Roberto Madrazo, who served as head of the Institutional Revolutionary Party, or PRI, received just over 92 percent of the vote, while the only other candidate, little-known Everardo Moreno, captured about 8 percent, with 28 percent of voting centers reporting, said Mariano Palacios, the party's president.
Official results won't be available until later in the week, and while it was unclear how many party supporters voted, officials acknowledged that the race was marred by low turnout.
Hundreds of Madrazo supporters packed the party's headquarters in Mexico City and began celebrating even before preliminary results were released.
The primary marked the first time the PRI has chosen a presidential candidate without controlling the presidency, and though the party has been marked by division, Moreno was never expected to mount a serious challenge.
Madrazo, an old-style PRI power broker, voted Sunday in his native Tabasco state, where he was governor. He later denied charges that the primary was not a serious democratic exercise and said that reports of division within the PRI were exaggerated.
"I'm sure that after today, we can win the internal election and things will get better for the life of the party," he said.

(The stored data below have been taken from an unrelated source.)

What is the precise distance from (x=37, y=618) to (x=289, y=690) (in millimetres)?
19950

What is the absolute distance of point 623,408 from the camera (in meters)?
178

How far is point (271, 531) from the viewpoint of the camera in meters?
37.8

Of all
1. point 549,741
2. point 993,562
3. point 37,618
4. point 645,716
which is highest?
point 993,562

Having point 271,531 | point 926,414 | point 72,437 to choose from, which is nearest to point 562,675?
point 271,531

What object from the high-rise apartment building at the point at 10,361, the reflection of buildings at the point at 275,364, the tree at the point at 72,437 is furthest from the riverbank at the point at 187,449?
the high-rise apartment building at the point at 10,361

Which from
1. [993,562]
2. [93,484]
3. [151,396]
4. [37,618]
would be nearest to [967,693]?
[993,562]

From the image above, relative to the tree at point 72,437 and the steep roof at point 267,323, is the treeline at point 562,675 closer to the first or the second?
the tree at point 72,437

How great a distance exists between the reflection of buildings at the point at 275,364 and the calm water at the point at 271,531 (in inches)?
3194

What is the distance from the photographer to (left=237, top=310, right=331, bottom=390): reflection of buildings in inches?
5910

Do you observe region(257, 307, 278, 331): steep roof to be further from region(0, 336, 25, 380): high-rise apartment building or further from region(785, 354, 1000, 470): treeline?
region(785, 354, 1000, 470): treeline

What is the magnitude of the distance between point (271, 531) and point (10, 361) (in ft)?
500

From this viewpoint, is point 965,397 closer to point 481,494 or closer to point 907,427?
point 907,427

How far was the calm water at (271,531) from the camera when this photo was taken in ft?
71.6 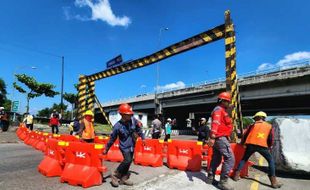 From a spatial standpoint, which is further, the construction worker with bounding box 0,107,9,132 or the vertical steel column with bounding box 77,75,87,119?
the construction worker with bounding box 0,107,9,132

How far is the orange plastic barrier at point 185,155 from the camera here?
9125 mm

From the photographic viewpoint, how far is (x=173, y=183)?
754 cm

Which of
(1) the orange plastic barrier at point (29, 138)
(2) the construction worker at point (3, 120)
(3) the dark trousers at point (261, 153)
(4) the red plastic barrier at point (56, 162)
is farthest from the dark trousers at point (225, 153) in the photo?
(2) the construction worker at point (3, 120)

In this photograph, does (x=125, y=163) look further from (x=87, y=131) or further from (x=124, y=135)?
(x=87, y=131)

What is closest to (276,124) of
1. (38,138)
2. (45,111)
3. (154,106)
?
(38,138)

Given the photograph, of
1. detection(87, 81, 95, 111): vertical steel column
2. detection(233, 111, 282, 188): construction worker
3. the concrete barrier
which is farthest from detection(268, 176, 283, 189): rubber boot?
detection(87, 81, 95, 111): vertical steel column

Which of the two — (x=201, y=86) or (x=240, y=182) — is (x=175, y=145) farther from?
(x=201, y=86)

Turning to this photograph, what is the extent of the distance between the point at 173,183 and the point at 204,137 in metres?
6.18

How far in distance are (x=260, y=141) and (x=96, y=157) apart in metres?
3.61

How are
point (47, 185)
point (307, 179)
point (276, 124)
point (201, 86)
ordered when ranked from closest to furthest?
point (47, 185)
point (307, 179)
point (276, 124)
point (201, 86)

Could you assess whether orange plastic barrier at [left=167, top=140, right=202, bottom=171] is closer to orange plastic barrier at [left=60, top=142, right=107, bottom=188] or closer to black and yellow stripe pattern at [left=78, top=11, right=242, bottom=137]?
black and yellow stripe pattern at [left=78, top=11, right=242, bottom=137]

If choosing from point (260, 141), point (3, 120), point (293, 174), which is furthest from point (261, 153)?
point (3, 120)

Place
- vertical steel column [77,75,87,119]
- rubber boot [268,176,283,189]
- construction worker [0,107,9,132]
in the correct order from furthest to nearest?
1. construction worker [0,107,9,132]
2. vertical steel column [77,75,87,119]
3. rubber boot [268,176,283,189]

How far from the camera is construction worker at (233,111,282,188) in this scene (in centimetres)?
754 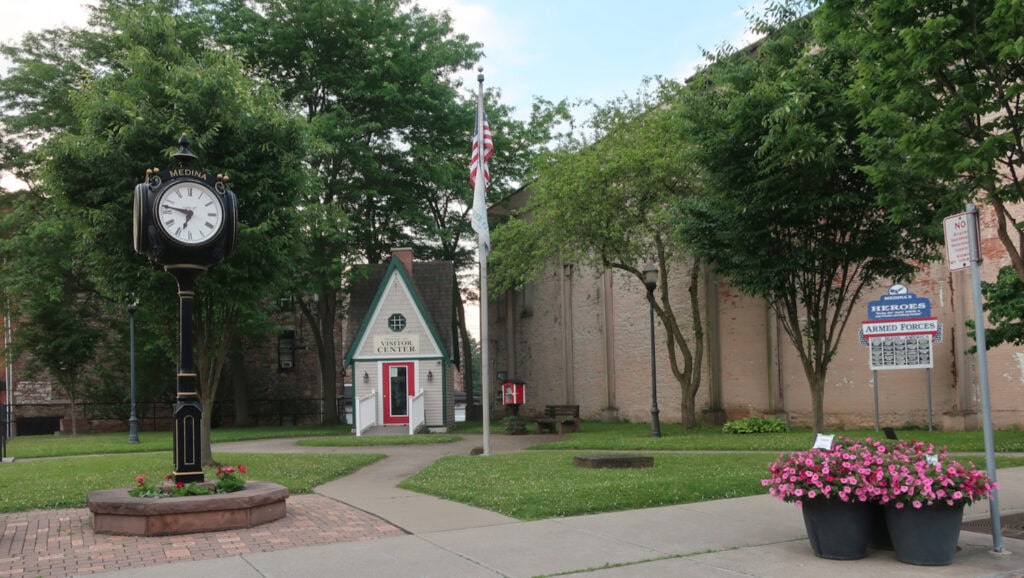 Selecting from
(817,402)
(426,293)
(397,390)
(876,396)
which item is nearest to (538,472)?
(817,402)

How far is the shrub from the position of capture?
923 inches

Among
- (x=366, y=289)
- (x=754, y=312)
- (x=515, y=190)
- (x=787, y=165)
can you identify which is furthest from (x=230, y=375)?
(x=787, y=165)

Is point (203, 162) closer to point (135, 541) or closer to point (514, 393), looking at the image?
point (135, 541)

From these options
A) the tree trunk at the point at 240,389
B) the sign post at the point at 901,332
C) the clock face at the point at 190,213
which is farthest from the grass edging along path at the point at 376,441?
the clock face at the point at 190,213

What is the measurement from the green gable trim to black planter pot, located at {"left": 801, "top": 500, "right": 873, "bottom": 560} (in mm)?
25880

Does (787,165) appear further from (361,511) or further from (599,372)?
(599,372)

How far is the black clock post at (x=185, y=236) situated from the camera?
10156 millimetres

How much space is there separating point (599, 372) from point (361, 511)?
2578 cm

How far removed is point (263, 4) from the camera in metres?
34.5

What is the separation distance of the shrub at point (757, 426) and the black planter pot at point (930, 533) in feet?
54.2

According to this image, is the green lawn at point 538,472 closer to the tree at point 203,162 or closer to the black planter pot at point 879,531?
the tree at point 203,162

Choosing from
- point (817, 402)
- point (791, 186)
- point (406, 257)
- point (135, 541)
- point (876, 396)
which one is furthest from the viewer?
point (406, 257)

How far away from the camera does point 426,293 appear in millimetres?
35719

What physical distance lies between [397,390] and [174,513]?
23666 millimetres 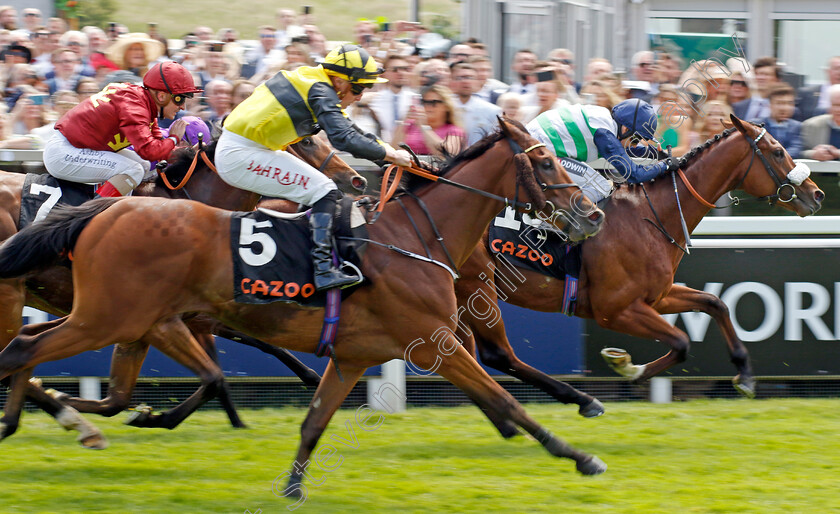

The PRI controlled Mexico's presidency from its founding in 1929 until President Vicente Fox was elected in 2000. Fox is barred from running again and disappointment with his conservative National Action Party has become widespread after the president failed to make good on many campaign promises.
Madrazo's bid for the PRI nomination was not derailed by the opposition of a powerful, 1.2 million-member teachers union which had threatened to boycott the primary.
The union usually counts itself among the PRI's strongest supporters, but a political spat that pitted Madrazo against union leader Elba Esther Gordillo led many teachers to oppose Madrazo's candidacy.
Gordillo quit the party's No. 2 post in September after courts rejected her argument that PRI bylaws should have let her follow Madrazo as party leader. Madrazo stepped down in August to run for president and was replaced by Palacios.
Besides National Action, the PRI bid to regain the presidency will have to contend with former Mexico City Mayor Andres Manuel Lopez Obrador of the leftist Democratic Revolution Party, who leads most polls ahead of the election in July.